BRIEF
Exactly as written, print the lines from the top of the listing through the line containing "Inside the tags"; include no pictures.

GIVEN MATERIAL
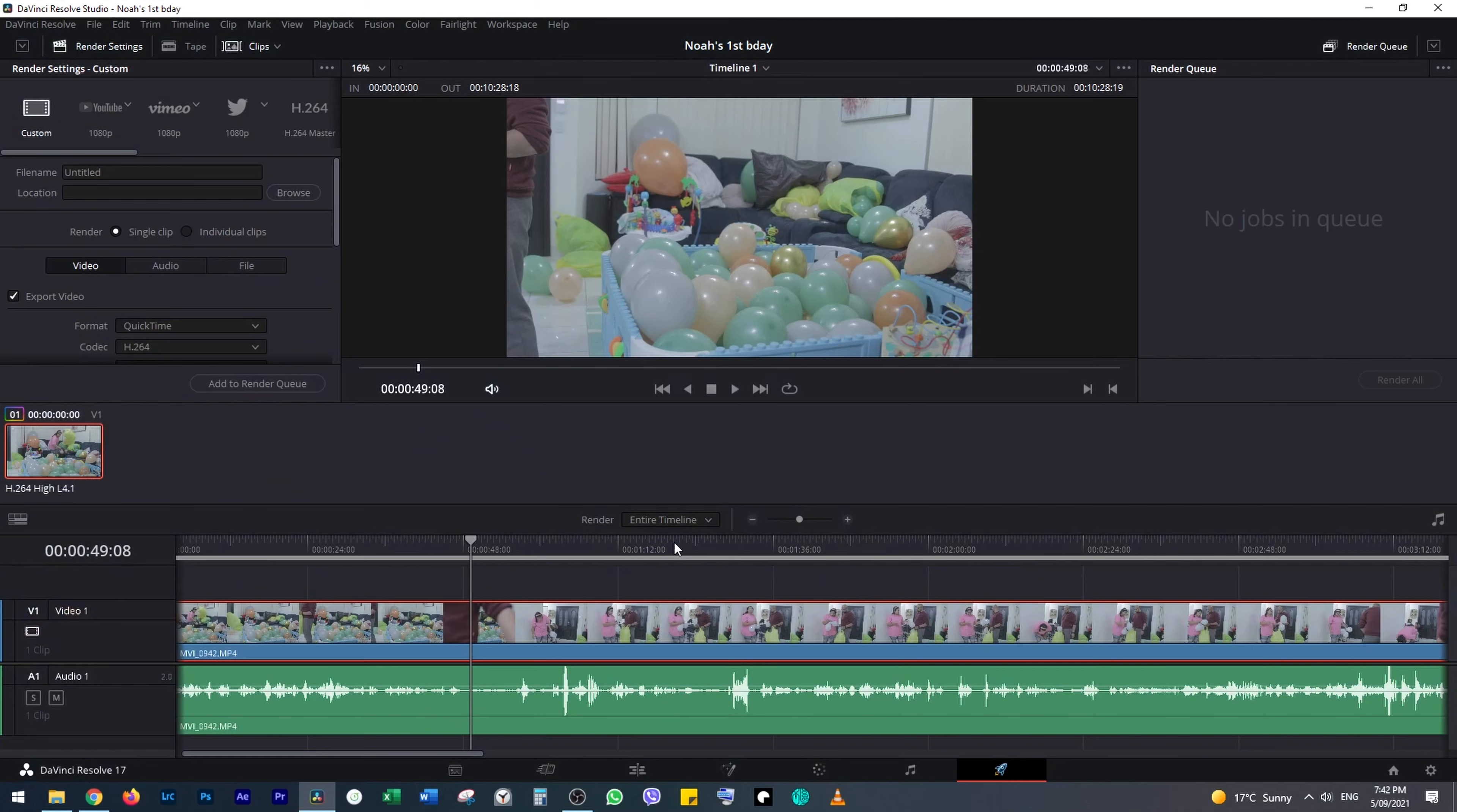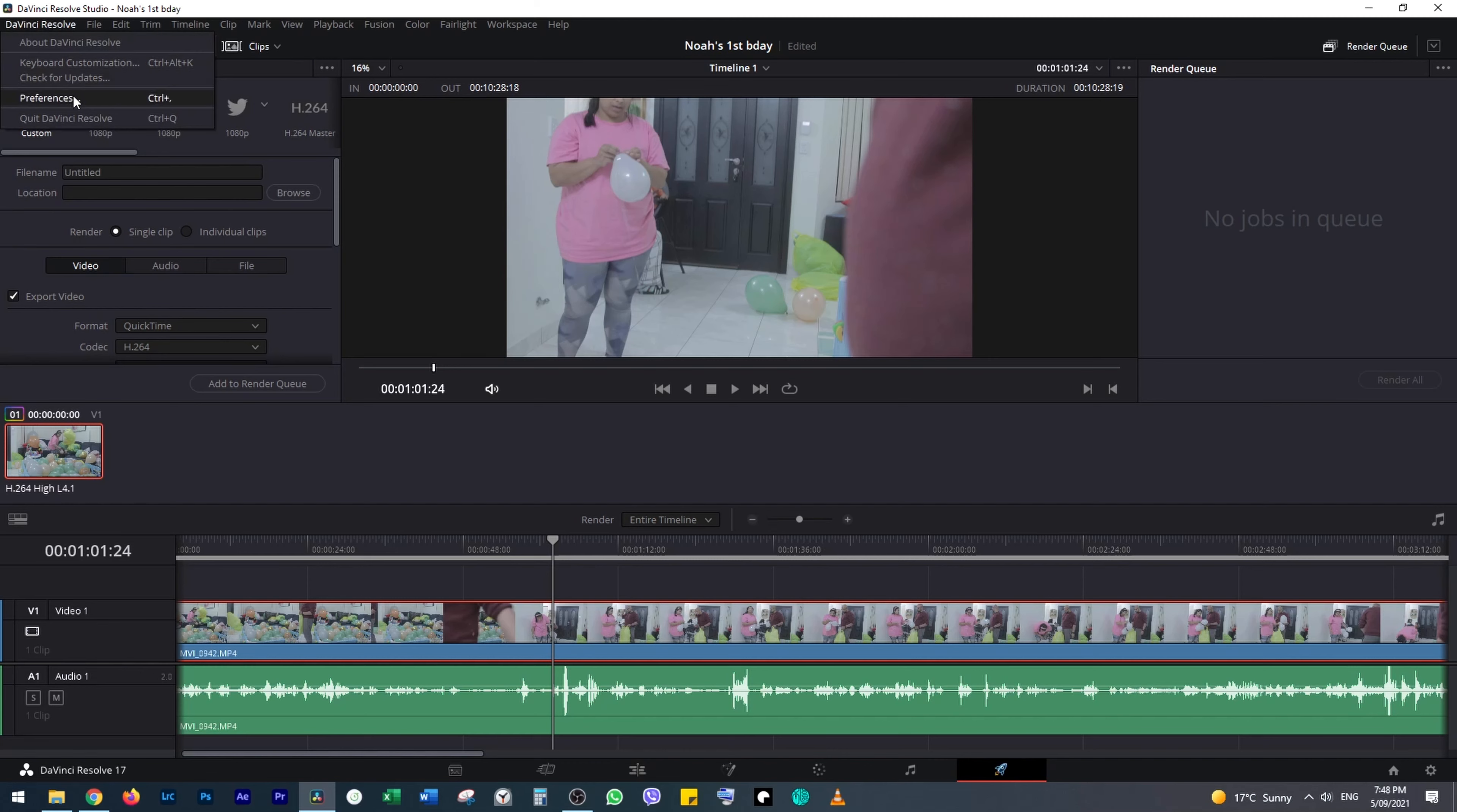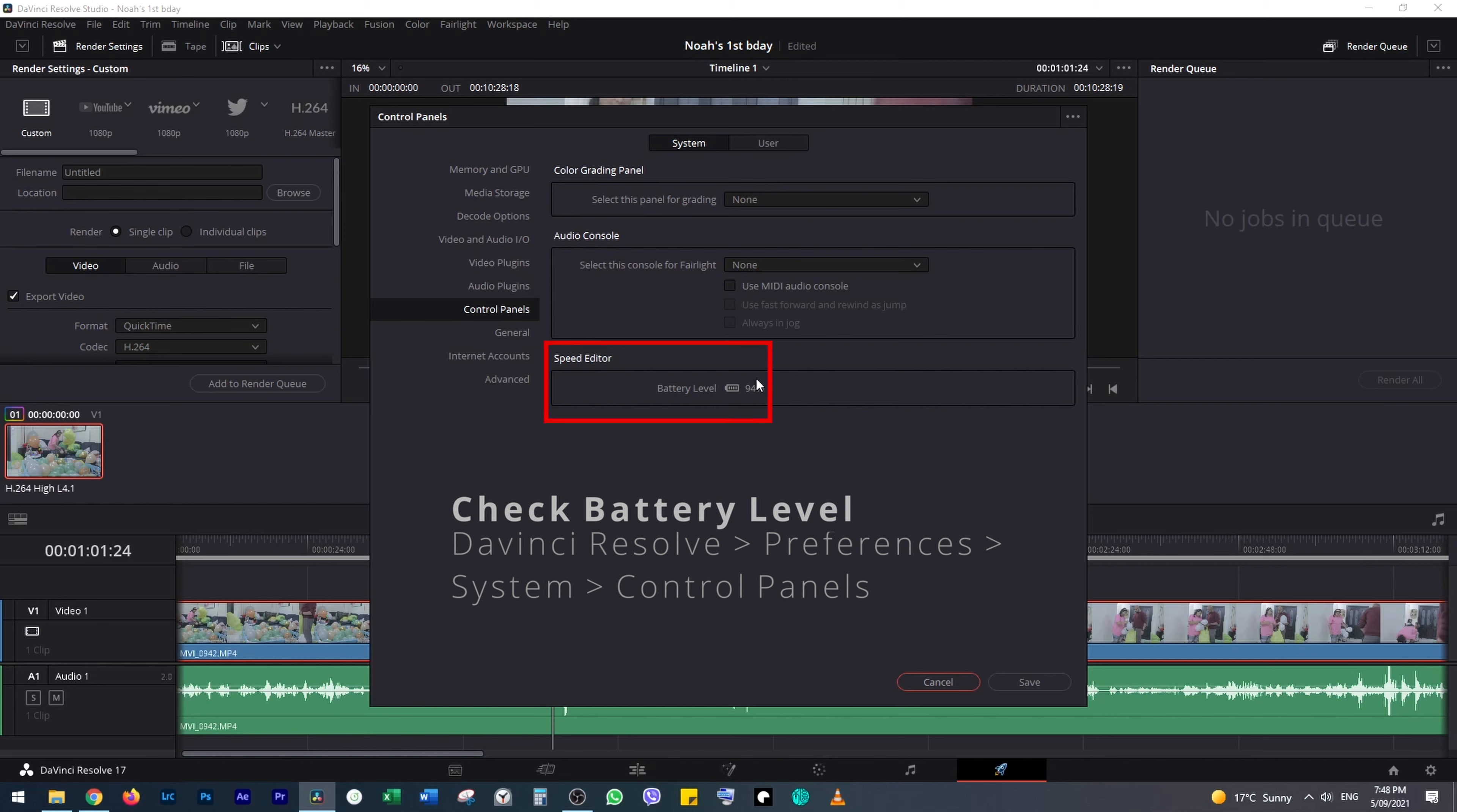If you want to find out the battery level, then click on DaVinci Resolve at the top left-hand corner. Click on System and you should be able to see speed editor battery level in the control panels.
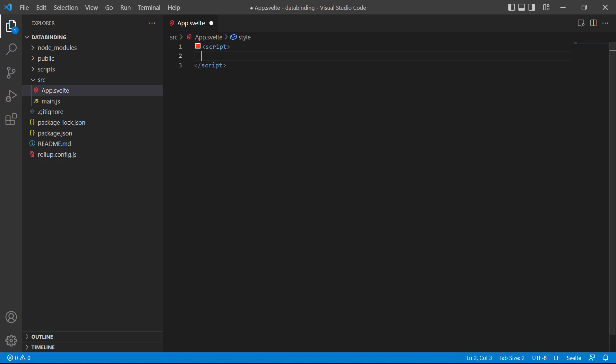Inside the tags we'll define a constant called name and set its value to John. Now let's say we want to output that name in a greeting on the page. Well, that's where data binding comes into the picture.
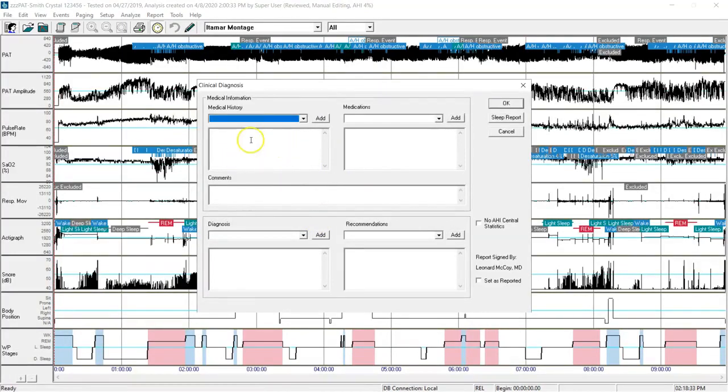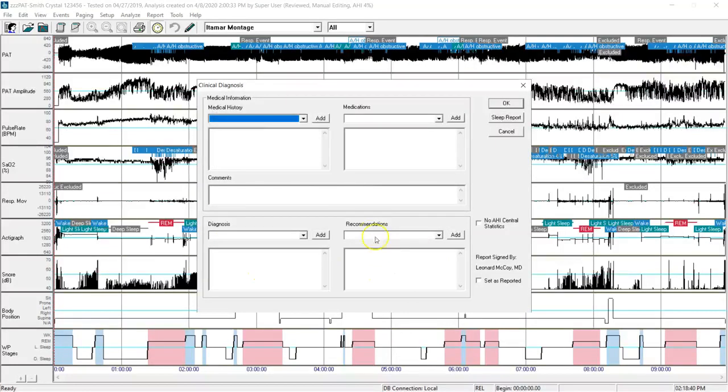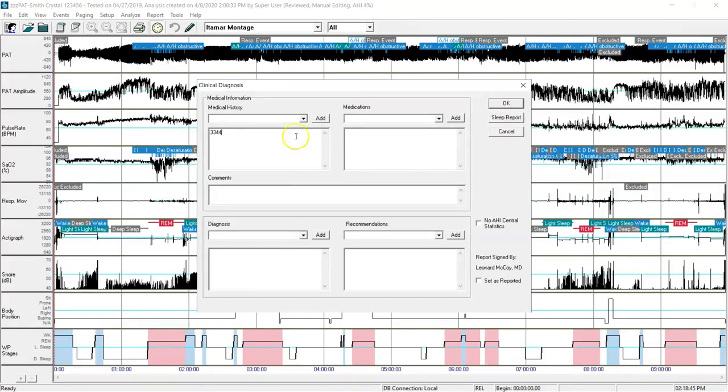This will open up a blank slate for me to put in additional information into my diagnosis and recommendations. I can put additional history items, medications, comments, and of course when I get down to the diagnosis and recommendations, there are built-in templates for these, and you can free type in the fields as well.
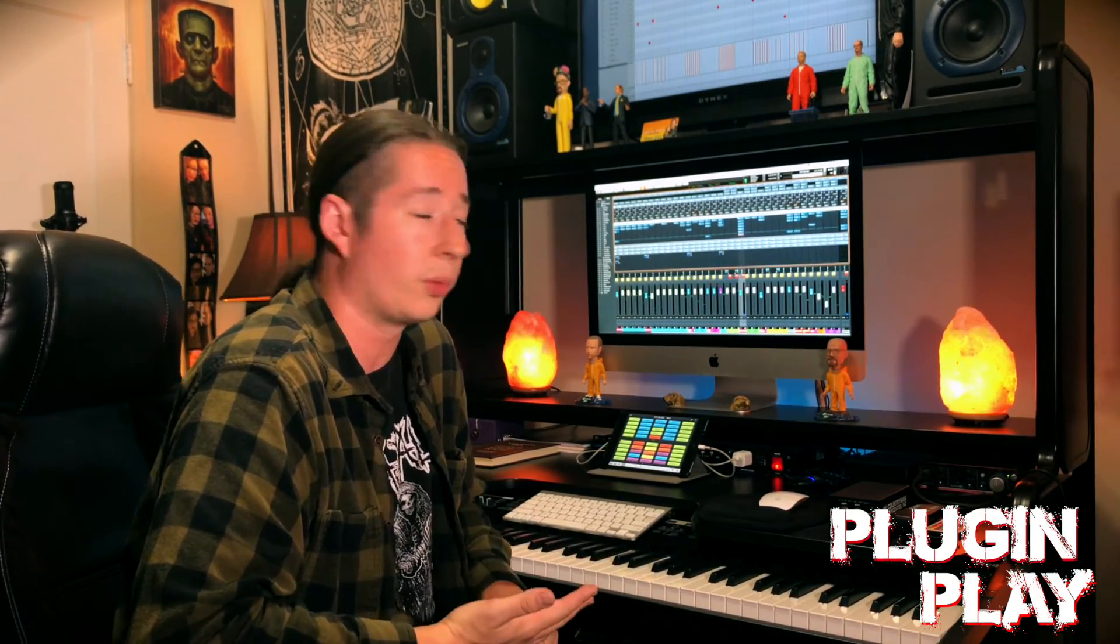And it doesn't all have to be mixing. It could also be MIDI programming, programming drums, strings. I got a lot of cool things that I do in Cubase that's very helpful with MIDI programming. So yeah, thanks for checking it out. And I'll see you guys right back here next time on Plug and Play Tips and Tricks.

ANSWER BOX
If you want to find out the battery level, then click on DaVinci Resolve at the top left-hand corner. Click on System and you should be able to see speed editor battery level in the control panels.
Inside the tags we'll define a constant called name and set its value to John. Now let's say we want to output that name in a greeting on the page. Well, that's where data binding comes into the picture.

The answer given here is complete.